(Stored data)
------------------------
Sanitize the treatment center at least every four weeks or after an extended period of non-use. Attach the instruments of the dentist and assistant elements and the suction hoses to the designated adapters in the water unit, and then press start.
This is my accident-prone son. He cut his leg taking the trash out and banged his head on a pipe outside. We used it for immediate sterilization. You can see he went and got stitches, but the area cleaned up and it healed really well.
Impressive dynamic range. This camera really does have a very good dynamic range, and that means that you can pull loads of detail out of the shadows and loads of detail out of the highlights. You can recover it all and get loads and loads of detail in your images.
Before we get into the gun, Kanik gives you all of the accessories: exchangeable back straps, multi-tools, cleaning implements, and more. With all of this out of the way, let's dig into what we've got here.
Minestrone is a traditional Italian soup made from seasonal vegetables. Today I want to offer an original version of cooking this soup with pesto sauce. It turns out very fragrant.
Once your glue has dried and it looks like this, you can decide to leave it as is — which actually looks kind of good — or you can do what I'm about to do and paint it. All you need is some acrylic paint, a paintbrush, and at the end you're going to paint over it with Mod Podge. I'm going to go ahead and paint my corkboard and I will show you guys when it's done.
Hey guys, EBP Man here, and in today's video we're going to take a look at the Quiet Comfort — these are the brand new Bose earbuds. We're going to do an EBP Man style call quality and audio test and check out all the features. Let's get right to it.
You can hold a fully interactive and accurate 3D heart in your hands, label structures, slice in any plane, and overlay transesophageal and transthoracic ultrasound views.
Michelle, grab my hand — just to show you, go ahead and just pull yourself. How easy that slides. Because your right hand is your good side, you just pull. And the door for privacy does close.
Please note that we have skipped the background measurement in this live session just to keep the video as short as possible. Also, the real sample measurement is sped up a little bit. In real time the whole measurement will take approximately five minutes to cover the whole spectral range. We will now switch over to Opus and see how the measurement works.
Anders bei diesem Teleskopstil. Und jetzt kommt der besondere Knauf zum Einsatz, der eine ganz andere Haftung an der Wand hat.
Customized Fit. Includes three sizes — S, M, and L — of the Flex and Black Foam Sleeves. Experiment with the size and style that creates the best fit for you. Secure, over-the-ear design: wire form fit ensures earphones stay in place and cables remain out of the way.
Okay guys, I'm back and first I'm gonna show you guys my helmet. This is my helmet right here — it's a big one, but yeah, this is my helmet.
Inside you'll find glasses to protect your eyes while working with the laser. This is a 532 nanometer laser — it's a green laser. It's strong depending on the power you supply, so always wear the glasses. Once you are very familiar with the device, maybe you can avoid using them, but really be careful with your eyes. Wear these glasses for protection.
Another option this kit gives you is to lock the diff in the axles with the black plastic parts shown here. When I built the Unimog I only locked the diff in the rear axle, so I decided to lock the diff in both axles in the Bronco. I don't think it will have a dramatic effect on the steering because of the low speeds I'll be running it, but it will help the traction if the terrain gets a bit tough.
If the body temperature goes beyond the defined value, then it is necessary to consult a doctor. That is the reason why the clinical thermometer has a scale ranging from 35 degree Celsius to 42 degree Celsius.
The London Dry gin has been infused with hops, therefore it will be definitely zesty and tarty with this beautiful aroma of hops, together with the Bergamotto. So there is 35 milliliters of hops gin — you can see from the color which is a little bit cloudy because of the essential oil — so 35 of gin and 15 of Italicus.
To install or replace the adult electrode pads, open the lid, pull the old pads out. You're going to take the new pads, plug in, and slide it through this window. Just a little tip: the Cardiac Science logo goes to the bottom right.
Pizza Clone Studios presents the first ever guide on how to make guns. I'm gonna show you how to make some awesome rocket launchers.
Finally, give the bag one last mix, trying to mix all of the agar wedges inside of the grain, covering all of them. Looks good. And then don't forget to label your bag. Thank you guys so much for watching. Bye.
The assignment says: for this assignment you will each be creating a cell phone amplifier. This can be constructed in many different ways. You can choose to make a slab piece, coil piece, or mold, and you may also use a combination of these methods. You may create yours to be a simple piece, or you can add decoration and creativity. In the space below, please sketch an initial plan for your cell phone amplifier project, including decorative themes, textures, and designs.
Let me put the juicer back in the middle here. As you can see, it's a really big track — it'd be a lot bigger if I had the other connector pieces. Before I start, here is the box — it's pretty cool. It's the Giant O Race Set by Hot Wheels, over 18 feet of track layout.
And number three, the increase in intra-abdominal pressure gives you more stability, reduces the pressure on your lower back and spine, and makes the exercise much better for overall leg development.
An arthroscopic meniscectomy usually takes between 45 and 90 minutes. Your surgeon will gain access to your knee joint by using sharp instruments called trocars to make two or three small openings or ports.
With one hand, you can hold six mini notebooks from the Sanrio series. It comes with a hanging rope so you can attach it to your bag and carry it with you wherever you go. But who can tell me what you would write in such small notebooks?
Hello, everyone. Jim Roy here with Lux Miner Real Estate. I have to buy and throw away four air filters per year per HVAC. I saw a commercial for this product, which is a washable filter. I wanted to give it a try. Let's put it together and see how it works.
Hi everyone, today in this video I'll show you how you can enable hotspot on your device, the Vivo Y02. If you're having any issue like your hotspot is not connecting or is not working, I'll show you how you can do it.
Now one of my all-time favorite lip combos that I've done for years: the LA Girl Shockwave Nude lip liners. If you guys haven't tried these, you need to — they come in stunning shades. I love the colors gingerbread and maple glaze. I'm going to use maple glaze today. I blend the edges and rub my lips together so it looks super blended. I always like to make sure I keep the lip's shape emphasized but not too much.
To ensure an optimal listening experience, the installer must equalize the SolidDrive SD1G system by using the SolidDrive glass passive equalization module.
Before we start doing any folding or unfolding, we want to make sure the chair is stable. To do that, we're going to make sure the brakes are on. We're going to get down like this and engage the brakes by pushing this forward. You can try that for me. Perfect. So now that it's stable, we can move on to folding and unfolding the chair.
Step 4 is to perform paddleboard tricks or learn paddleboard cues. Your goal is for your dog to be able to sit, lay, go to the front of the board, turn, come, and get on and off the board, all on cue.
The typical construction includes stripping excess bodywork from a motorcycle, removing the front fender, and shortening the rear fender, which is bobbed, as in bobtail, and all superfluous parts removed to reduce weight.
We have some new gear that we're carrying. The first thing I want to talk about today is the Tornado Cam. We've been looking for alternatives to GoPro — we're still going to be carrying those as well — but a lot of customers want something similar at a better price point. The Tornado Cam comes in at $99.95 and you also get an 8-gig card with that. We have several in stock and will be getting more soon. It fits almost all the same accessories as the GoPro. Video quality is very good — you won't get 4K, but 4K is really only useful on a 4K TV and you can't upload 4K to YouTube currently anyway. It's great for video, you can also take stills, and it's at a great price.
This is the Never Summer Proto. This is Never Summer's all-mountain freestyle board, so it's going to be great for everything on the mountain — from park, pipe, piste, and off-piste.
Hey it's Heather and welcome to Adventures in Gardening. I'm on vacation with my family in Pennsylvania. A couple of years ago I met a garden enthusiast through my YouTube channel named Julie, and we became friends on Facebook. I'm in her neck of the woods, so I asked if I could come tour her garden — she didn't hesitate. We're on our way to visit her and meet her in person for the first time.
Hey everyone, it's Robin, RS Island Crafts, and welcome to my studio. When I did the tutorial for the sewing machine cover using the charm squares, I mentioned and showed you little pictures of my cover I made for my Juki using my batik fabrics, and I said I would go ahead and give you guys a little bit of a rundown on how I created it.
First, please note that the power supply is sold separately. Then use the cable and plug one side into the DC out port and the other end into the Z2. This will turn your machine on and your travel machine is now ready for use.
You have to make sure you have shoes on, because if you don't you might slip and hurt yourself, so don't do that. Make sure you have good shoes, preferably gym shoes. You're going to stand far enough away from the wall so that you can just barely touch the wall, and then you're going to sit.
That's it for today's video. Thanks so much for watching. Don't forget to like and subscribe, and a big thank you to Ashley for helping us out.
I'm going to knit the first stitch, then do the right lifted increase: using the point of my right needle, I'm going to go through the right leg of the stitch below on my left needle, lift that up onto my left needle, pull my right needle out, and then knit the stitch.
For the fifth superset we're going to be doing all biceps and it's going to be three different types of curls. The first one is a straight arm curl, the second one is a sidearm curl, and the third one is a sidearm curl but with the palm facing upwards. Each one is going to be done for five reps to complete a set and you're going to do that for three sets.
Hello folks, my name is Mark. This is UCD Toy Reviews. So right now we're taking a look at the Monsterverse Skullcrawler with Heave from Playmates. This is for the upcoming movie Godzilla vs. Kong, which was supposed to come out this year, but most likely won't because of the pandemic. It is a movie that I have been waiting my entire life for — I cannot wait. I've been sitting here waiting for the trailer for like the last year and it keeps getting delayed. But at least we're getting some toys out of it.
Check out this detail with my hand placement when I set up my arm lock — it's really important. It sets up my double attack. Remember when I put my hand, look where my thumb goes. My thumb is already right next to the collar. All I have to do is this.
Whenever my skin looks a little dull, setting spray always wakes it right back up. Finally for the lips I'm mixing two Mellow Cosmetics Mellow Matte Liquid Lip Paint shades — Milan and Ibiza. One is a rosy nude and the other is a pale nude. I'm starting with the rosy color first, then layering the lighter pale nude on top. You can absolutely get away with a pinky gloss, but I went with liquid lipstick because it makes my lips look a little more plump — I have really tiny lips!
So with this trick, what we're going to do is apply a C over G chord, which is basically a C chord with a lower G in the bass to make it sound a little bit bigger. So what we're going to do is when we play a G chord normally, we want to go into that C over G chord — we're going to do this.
------------------------
Show the lines above with "gonna".

(SOLUTION TO THIS EXERCISE)
Okay guys, I'm back and first I'm gonna show you guys my helmet. This is my helmet right here — it's a big one, but yeah, this is my helmet.
Pizza Clone Studios presents the first ever guide on how to make guns. I'm gonna show you how to make some awesome rocket launchers.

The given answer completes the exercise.